(at around 23 mins) The footage of the X-Men closing the door was shot on the set of X-Men: Dark Phoenix (2019) and sent over to the Deadpool 2 crew.
(at around 1h 4 mins) When Deadpool complains about Domino's powers, he says that it must have been the idea of an artist "who can't even draw feet." Domino and Deadpool's co-creator Rob Liefeld is widely mocked and criticized for avoiding drawing characters' feet and hands. (He also reportedly loved that joke.)
Ryan Reynolds was at a dinner party with Matt Damon, pitched him the toilet paper manifesto, and asked Damon if he wanted to play the part.
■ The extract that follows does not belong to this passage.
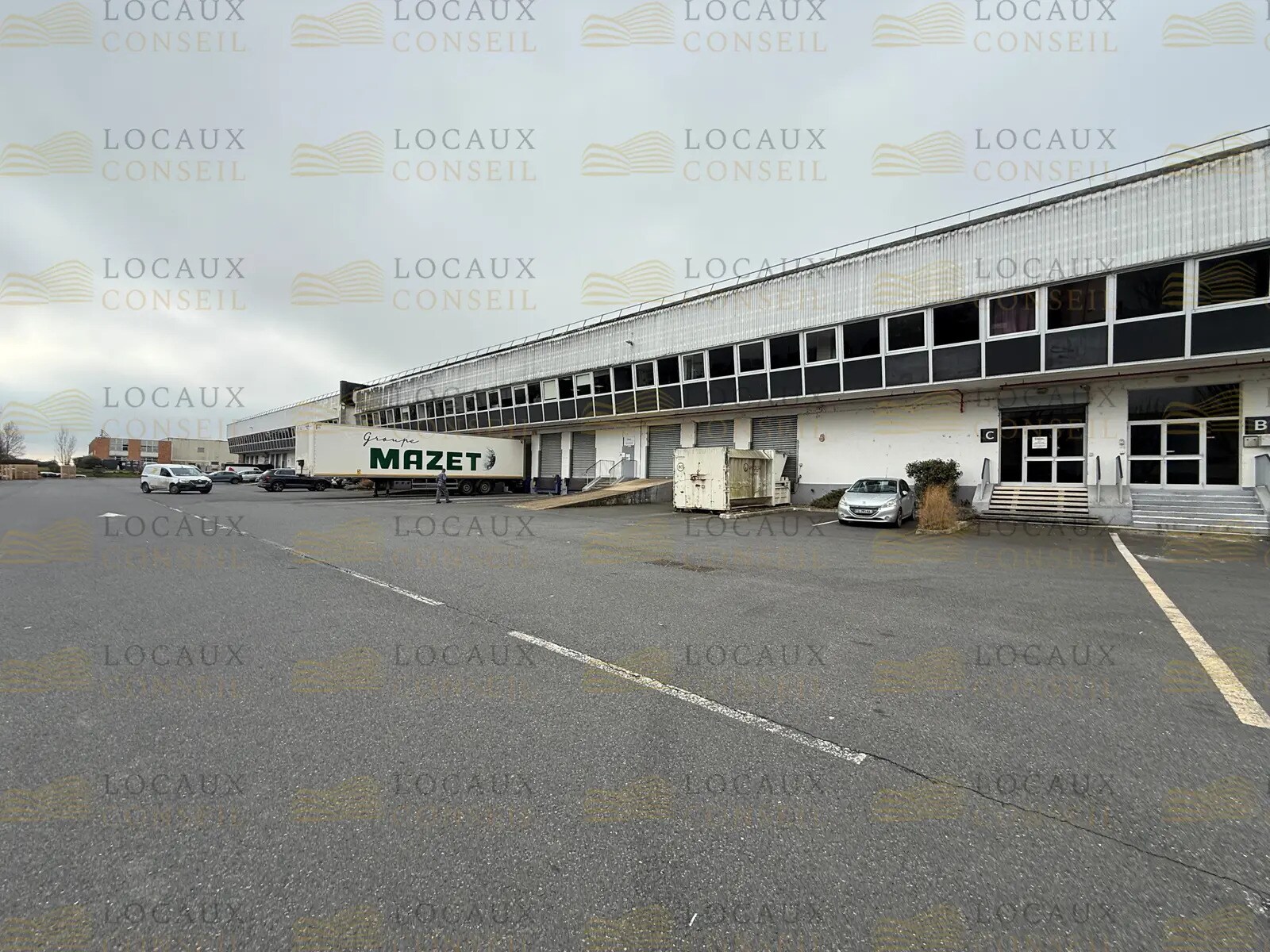 Flex in MARLY-LA-VILLE for lease Building Photo- Image 1 of 11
Damon thought it was hilarious and agreed to the cameo.
(at around 1h 8 mins) The gag where Deadpool stops Cable's bullet with a sword and then uses both to "stop" multiple bullets only to realize many of them made it through to his body was conceived by the stunt team. David Leitch passed on it initially as being too comedic for a dramatic sequence, but when he showed it to Ryan Reynolds the actor found it hilarious. The entire sequence is a reference to an infamous scene in 'X-Men Origins: Wolverine' where the watered down version of Deadpool (also played by Reynolds) successfully deflected many bullets in this way.
The film takes many potshots at the Barbra Streisand film Yentl (1983). Streisand is Josh Brolin's stepmother in real life. Although this fact would have been a perfect subject for another meta-joke at Brolin's expense, the makers stated on the commentary track that they completely forgot to include it, wondering how that was overlooked.
Matt Damon, Alan Tudyk: Two rednecks whose truck Cable steals. Damon, who is unrecognizable under heavy prosthetic makeup, is not credited under his own name but as "Dickie Greenleaf," the name of Jude Law's character in Le talentueux Mr. Ripley (1999), who is murdered and then impersonated by Damon's character Tom Ripley.